The Milf is back, are you ready?
This article is more than 11 months oldEva WisemanShows such as Milf Manor have pushed the reality TV format to the absolute brink. But what does the return of the Milf tell us about women and sexuality?
Milf Manor is the house that Freud built. Eight women aged between 40 and 60 arrived at this beachside villa in Mexico to film a dating show, somehow missing the twist: the lineup of young men they’d be in the villa with would include… their sons. The show premiered in the US last week, and I have screamed hoarsely through every video I can find, shouting, “I HATE IT I HATE IT OK ONE MORE CLIP I HATE IT!” into my arm.
You know how Big Brother and its fellow reality shows used to claim they were sociological experiments in order to obscure the fact they were actually fabulously exploitative telly? Well – this is the opposite. Milf Manor calls itself a dating show – a cross between Love Island and the porn history your spam folder warns you about – but, in fact, it really is that sociological experiment. Except, conducted by nihilistic, Frankenstein-ish, 10th-wave feminists obsessed with incest.
The contestants are all grimly aware of how disturbing the setup is. As their mothers strut before them, you can see flashes of recognition in the boys’ eyes – these women who were once their home, confronting their sons with a whole new inner life. And the women, too, squinting to obscure the reality of the situation, of the world’s rotation and the rude simplicity of heterosexual desire. They do their very best to smile through the horrors. Horrors that include a game where the women are blindfolded in front of the topless boys and, by fondling their chests, pick out their son using touch alone. The winning Milf gets to sleep in a room with their child and a hot tub. The losers… no hot tub.
I don’t honestly know how they got through it. Even watching the videos feels indecent, even through eyes brought up on these Love Island landscapes, of flesh and water, and the clack of stilettos beside a pool. Even as someone whose ideas of contemporary sex have been formed and sanitised by the reality-show lens. There’s a scene where one woman goes paddleboarding with a boy who wants to suck “the acrylic off” her toes. Lying back on the board, she holds him in the air with her feet on his chest. She loves (she says later) “to do that with kids”. I winced like someone had kicked me in the throat.
I welcome the chance to interrogate the Milf, this uncomfortable archetype, with its swagger and tanBut, the good news: Milfs are back!
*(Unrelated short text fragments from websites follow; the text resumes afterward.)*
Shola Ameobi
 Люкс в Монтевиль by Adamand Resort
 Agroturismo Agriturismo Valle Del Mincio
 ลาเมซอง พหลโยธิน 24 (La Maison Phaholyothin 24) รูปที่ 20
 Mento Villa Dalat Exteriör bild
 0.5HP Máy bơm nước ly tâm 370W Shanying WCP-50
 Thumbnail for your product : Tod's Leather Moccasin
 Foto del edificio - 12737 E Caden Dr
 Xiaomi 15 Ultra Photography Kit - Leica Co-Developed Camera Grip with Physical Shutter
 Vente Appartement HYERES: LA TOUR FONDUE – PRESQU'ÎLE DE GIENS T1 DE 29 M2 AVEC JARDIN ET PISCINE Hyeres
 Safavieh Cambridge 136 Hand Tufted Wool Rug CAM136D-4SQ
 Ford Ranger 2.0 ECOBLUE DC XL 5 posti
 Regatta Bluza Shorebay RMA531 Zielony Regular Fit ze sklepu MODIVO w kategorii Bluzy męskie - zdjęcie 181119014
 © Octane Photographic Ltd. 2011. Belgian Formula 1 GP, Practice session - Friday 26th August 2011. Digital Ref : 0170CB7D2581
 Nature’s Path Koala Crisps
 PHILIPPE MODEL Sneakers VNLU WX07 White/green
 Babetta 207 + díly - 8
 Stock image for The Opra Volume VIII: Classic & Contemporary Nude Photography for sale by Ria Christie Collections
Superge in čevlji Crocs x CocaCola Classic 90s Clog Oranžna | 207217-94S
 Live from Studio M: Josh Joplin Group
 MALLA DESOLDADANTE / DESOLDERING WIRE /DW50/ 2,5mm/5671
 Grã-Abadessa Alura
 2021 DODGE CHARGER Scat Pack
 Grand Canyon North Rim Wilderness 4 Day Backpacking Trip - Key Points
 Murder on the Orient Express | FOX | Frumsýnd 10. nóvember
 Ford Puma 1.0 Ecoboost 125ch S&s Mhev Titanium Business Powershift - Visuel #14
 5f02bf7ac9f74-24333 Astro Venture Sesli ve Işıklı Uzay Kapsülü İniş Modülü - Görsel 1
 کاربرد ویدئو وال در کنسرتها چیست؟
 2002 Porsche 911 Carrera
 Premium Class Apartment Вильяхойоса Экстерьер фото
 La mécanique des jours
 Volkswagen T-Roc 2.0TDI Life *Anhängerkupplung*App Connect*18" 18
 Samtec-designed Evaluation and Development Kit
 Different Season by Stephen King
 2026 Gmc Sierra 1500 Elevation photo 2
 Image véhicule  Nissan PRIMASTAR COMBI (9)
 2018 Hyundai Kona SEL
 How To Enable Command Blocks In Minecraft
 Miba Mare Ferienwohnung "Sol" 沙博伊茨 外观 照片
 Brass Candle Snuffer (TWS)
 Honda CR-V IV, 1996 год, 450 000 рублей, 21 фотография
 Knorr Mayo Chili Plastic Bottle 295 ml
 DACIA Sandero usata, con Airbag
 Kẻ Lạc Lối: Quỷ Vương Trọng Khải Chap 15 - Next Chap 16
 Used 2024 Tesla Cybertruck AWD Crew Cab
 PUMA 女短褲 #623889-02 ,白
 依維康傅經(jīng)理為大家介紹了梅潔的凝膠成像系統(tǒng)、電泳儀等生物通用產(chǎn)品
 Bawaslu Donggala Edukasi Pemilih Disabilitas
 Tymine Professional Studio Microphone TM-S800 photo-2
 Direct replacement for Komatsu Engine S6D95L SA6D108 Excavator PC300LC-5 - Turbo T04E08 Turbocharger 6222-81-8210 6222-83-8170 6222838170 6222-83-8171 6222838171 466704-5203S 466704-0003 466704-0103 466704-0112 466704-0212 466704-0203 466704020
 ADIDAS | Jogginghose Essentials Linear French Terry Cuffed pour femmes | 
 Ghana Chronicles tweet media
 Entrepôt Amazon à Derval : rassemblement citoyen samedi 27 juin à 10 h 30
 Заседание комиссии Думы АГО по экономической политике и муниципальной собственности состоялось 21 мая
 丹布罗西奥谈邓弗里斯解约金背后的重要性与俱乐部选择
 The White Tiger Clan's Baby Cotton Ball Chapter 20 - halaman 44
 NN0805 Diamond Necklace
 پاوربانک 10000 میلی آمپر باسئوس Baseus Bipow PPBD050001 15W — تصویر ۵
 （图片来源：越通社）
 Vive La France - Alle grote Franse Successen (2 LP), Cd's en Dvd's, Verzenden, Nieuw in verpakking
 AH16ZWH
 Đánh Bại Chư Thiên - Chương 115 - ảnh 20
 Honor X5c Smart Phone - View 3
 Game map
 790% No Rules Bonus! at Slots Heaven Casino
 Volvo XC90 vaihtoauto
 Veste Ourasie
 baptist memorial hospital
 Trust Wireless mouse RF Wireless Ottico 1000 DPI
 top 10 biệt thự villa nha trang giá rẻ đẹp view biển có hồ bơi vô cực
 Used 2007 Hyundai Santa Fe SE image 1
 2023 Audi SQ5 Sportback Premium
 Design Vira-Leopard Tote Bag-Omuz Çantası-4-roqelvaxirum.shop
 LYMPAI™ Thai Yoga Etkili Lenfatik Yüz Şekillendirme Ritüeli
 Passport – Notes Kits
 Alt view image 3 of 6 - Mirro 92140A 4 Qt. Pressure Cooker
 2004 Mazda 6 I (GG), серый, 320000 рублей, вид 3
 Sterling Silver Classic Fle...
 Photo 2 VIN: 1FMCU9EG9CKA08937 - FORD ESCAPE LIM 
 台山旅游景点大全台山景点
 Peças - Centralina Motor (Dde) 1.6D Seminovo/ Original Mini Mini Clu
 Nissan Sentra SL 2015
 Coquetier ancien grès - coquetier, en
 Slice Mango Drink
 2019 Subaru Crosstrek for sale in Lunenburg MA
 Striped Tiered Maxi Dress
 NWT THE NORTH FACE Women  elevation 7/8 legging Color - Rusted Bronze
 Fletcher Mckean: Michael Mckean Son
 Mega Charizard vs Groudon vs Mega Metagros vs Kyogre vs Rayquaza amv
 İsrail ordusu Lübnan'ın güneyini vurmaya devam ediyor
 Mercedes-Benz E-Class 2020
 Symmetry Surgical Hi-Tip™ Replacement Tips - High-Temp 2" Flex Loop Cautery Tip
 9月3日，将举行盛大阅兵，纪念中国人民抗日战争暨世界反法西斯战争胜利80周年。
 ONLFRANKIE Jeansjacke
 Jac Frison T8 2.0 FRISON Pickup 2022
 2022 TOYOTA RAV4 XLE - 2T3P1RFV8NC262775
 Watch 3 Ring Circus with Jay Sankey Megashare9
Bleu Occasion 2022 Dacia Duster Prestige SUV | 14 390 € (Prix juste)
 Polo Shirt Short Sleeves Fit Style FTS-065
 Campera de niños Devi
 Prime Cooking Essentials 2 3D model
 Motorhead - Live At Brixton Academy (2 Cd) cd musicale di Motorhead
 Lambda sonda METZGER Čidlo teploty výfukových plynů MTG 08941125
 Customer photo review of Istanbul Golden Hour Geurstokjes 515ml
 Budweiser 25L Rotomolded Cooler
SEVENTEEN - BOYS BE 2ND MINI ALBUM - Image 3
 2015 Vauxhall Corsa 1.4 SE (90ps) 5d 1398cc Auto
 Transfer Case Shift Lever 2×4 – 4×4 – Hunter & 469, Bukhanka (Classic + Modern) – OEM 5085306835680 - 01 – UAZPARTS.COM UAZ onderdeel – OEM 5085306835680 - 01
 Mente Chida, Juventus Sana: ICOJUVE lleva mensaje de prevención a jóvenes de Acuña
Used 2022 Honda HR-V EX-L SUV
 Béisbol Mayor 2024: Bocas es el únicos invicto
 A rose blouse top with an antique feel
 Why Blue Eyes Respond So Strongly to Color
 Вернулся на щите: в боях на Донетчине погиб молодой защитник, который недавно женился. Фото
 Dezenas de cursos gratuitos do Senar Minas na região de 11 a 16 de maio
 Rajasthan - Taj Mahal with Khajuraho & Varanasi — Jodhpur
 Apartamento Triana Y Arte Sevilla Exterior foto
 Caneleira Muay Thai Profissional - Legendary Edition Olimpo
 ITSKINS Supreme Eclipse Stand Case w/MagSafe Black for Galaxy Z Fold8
Jennifer Coolidge walked so Milf Manor could run. Yes, Coolidge is newly beloved since The White Lotus as a camp cult heroine, but she first became famous as Stifler’s mum in the American Pie films, the original Milf, luxuriously seducing a teenager. Perhaps Coolidge’s renaissance has triggered something in the culture, aired a dormant Oedipal kink, or perhaps it never really went away. Either way, I welcome the chance to interrogate the Milf, this uncomfortable archetype, with its swagger and tan, and its sharp nails in our sons’ hair.
On the one hand, marvellous liberation – a middle-aged woman leans into her sexuality, a sexuality inevitably bruised and misshapen after decades spent at the bottom of a pile of priorities, including the care of children it helped create. After divorce she rises again, asking now for exactly what she wants – no time for egos and relationships, there will be no “buying of dinner” here. She would like extreme pleasure, some light awe and then three episodes of Real Housewives alone in bed with a sheet-mask. Good! Good for her, good for all the women who are no longer 22 and all the women whose only reward for raising kids is a massive gap in their CV and light incontinence.
There are, however, issues. One is the word, Milf – with its “I” it becomes the male gaze in acronym form. Another is that this fuckable mother must present herself as ageless, despite a key part of her apparent appeal being her age. The Milf Manor mummies have evidently spent many hours and dollars modifying their bodies until they’re very thin and very taut, like a shrine to lost youth. Of course, this is a reality show, so perhaps it’s ridiculous to spend more than a second considering these heightened characters in any context but the screen, but – but they reflect the wider world, where value is based in beauty and beauty is based in youth and so on and so on until it seems the only way for a woman to work, have sex, exist, is by agreeing to perform that same beauty and then to call it empowerment.
I was hoping for a second twist in Milf Manor, after the son reveal. Perhaps a parallel Dilf house where eight sleazy dads eat meat and fight each other in front of their bikini-ed daughters. It’s yet to emerge. I did, however, watch a scene where a son talks about his mother’s wayward breasts and she counters with, “It didn’t bother you when you were a baby sucking on them.” “I needed the milk, Mom!” he says, to which she raises her eyebrows to the camera and smiles, “You were really thirsty…”
This show is obscene, these Milfs are either sick or the future, and sadly, I must continue to watch every single episode until I have conclusively come to a decision.